▸ **Assigned task**
Search the records for the string "Image", and show each line where it appears.

─── Records to use

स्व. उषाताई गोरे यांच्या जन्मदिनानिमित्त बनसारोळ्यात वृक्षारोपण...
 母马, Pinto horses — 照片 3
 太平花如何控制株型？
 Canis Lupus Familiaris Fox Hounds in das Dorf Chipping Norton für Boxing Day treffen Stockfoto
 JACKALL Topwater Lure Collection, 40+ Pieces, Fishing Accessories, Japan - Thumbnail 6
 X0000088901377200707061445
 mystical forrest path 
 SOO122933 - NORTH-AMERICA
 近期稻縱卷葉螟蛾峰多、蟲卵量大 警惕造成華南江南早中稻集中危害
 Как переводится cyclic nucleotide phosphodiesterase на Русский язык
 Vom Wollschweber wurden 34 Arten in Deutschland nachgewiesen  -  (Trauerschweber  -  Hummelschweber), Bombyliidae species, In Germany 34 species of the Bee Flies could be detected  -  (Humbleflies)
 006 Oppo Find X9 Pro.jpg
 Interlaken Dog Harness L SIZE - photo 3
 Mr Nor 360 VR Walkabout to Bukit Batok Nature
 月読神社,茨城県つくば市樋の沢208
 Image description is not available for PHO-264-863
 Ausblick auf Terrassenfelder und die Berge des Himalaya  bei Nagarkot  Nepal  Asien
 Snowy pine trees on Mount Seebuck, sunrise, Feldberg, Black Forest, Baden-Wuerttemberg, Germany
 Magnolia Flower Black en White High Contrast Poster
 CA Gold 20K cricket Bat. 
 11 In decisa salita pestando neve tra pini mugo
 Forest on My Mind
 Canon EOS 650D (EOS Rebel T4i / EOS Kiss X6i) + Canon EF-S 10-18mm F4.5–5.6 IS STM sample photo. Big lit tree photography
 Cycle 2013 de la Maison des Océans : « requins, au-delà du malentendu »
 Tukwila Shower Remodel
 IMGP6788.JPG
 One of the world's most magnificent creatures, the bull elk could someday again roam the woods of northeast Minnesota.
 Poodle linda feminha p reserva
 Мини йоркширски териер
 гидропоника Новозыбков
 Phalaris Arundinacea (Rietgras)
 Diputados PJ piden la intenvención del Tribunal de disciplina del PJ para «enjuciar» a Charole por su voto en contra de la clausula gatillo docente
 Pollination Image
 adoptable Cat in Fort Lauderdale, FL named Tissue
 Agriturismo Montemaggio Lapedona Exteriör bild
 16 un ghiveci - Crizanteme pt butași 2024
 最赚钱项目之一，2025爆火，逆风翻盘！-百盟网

──────

▸ **Response area**
 Image description is not available for PHO-264-863
 Pollination Image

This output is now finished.